Ride Like Mackenzie: Road Cornering

Join the one and only Niall Mackenzie as he teaches you the basics for successful road cornering

On your marks:

Cornering's what bikes are all about, and there are few feelings better in this world than blasting out of a corner knowing you couldn't have possibly done it faster this side of being woken up with a blow job.

But fast cornering isn't something you can just go out and do straight away. It's a precise science that takes time to perfect. And to be honest, you never stop learning.
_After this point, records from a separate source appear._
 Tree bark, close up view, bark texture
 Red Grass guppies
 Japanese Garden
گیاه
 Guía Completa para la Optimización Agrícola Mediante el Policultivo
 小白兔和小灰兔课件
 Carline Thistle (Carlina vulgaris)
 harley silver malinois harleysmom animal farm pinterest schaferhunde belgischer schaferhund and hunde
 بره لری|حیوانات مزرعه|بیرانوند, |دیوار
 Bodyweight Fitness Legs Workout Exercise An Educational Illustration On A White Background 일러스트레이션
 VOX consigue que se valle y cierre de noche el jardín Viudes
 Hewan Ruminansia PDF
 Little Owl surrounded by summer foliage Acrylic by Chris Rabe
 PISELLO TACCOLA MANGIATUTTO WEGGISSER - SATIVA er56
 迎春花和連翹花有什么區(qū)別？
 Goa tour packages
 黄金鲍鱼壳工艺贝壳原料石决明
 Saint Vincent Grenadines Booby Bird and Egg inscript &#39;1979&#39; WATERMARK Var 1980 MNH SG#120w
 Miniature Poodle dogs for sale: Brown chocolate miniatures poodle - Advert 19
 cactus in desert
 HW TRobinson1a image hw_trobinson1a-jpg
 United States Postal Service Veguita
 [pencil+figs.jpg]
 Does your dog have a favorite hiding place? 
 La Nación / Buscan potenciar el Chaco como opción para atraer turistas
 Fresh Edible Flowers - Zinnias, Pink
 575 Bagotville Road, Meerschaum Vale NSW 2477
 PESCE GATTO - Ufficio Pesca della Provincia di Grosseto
Unless you can honestly say you hit every corner perfectly on every ride, wherever in the world you might be, then you can always improve.

Starting at the beginning though, before you even think about honing your personal corner attack methods, go through the usual routine of warming your bike, tyres, suspension, body and head over a few miles and shaking out the cobwebs before really going for it and remember, like all aspects of good riding, smoothness is the key. Raggedy, rough riding, heavy last-minute braking and choppy throttle action might feel as if you're riding as fast as the bike can manage, but truth is you're not only way slower than the bloke breezing through the bend in one flowing swoop, you're an accident looking for a hedge to happen in.

Good cornering starts long before you reach the actual corner and there's a lot you need to do before you reach the bend in question so once you're upon it, the only things to concentrate on are tipping in, hitting the perfect line, and driving out the other side as fast as possible.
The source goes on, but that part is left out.